Computers have different types of I/O. The most common limitation is disk access. (This is also the only type relevant on this server.) It's easy to see how any computer runs more slowly when it's busy accessing the hard drive. Read operations require the program to wait until it receives the data. Write operations are much more forgiving. Most operating systems like Linux and Windows buffer writes for a few seconds, so that programs can continue without waiting. This works well unless the demands are so heavy that the computer cannot keep up. In that situation, programs must wait for the buffer to have more space. Also, the computer itself can be so busy trying to catch up on disk operations that everything else gets bogged down. Note that occasional and minor disk operations have no measurable effect on performance.

To test whether disk I/O affects lag, I used iostat to measure disk operations on the Platinum server. I then used rsync to copy thousands of small files as fast as possible, asked players about lag in the game, and measured again. I cancelled the file copy, measured again, and again asked about lag.
Before the test, Platinum did about 100 reads+writes per second.
During the test, Platinum did 15000-23000 reads+writes per second.
After the test, Platinum did about 100 reads+writes per second.
Players reported no difference in lag when disk I/O increased by a factor of 200. I saw no difference in lag.
I think this test conclusively demonstrates that reducing disk operations on the server will have no measurable effect on lag.

Measurement tools:
Different tools have different degrees of accuracy, and of precision.
"top" is useful for an overall view. It presents data using a combination of averages (CPU metrics) and instantaneous samples (process state). Averages are not precise, and instantanous samples are not necessarily accurate.
To measure disk activity, I used iostat at 1-second intervals. This gives detailed averages per device, and in my experience the results are accurate within the upper and lower data. (This is why I gave a range.)

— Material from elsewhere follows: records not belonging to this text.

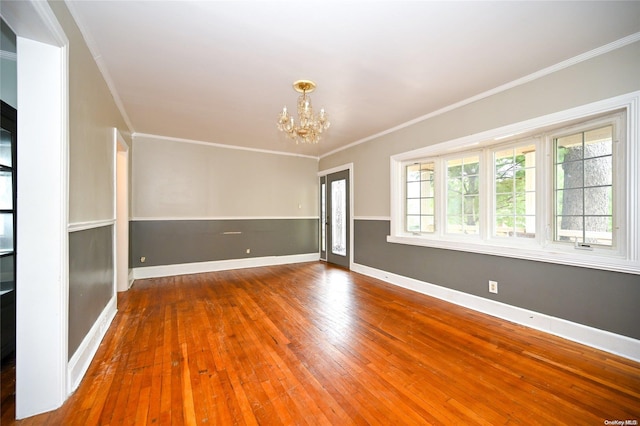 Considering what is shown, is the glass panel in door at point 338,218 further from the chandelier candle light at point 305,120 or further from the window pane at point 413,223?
the chandelier candle light at point 305,120

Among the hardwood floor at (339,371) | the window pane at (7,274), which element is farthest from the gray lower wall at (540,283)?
the window pane at (7,274)

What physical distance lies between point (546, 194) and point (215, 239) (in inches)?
201

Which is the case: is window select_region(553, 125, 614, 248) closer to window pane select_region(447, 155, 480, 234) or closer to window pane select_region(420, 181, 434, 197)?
window pane select_region(447, 155, 480, 234)

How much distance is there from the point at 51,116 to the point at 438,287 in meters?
4.10

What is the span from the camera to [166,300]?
3.48 metres

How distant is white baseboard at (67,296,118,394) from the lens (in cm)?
174

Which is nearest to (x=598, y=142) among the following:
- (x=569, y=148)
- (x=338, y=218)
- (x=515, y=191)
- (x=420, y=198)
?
(x=569, y=148)

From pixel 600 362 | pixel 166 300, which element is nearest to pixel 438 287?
pixel 600 362

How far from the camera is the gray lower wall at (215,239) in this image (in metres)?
4.63

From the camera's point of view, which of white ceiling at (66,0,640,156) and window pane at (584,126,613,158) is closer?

One final note: if the main server is really limited by hardware performance, we should easily be able to reproduce the problem on the testing server, which is much weaker.
You earn respect by how you live, not by what you demand.
-unknown
User avatar
Nard
Knight
Knight
Posts: 1113
Joined: 27 Jun 2010, 12:45
Location: France, near Paris

Re: a little analysis of lag

Post by Nard »

If I/O (and network is I/O too) is managed the same way, as data bases are we can loose a lot of time before we know the real cause(s) of lags.
I don't know how many packets are sent by client or by server for such a complicated situation as Illia quest but if I can assimilate them to pings and that a ping is between 250 and 530 ms as it was on the testing server/map server for me yesterday (manaplus info), the delay between the Info sent by my client and the answer from the server will be at least of the same order of magnitude even if all is perfect on server and on my machine. 530 ms is half of a second, it is enough to see a zombie jump on you in gy because of a change in minimal length path and the client could only extrapolate from precious info. Now if a higher priority event such as disk I∕O happens meanwhile...
I fear that lag causes are multiple and that only a multiple cross correlation of recorded data may allow a good understanding of the problem: . Anyway I/O (both network and disk usage) are critical nodes in the process so watching them closely and even concurrently with other activity may only have positive results. For example it could be interesting to record lags on the client side (some mobs position on a laggy map in a laggy period maybe).
I think now that path finding is also an important thing to watch because experience shows it. The lags we tested are reproduceable and easy to repeat because we neeed only initial conditions; I (we) am (are) ready to show them to anyone who wants.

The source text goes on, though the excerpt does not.